*Records for the task*:
——
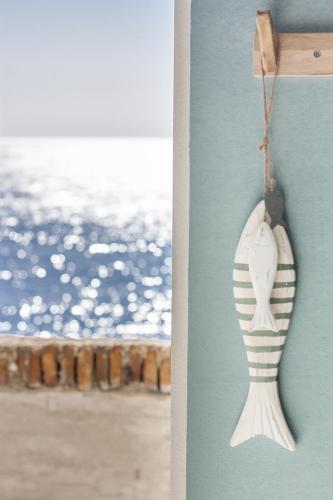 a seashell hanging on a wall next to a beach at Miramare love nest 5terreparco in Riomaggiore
——
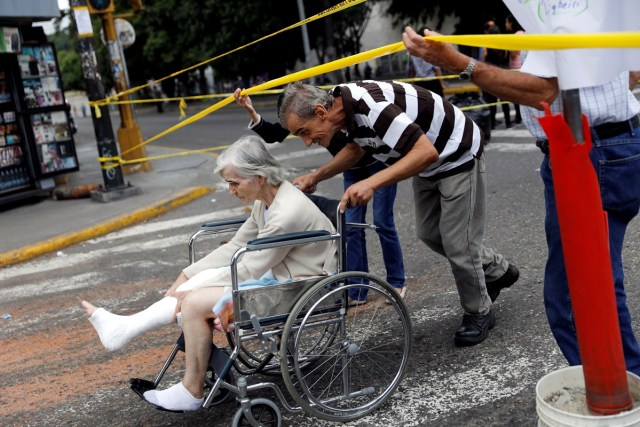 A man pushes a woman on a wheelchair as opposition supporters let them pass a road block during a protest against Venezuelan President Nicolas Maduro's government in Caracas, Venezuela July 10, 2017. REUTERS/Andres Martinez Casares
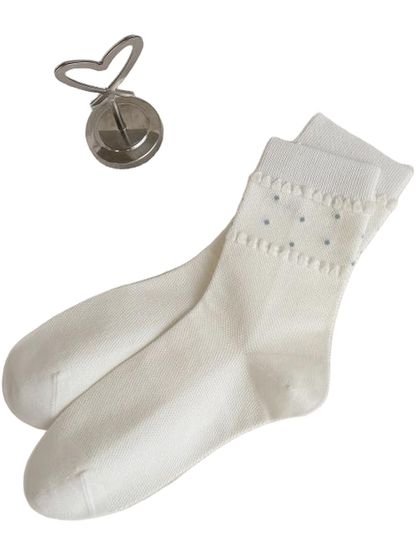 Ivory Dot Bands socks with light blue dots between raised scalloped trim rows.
——
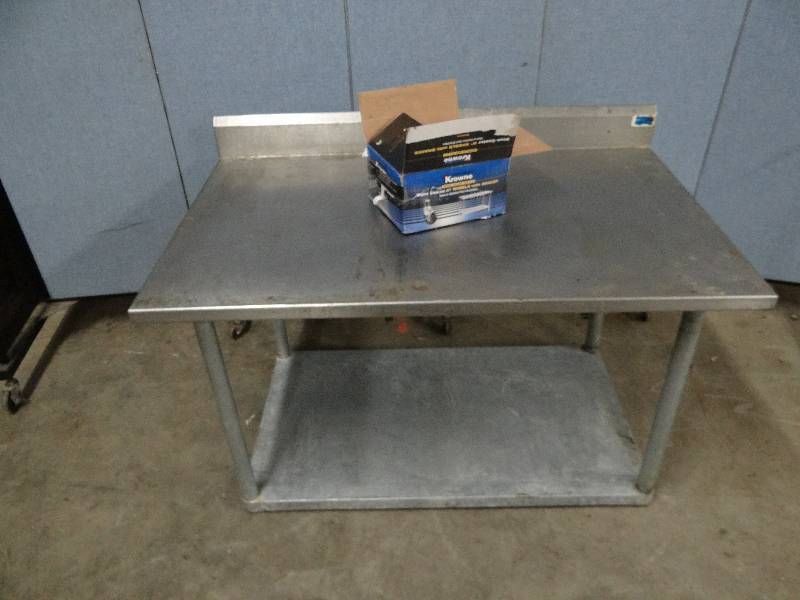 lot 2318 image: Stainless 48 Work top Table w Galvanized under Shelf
——
*Brief*:
With the pictures left out, write out exactly the lines above from the one containing "A man pushes" through the one containing "Ivory Dot Bands".

*Your response*:
 A man pushes a woman on a wheelchair as opposition supporters let them pass a road block during a protest against Venezuelan President Nicolas Maduro's government in Caracas, Venezuela July 10, 2017. REUTERS/Andres Martinez Casares
 Ivory Dot Bands socks with light blue dots between raised scalloped trim rows.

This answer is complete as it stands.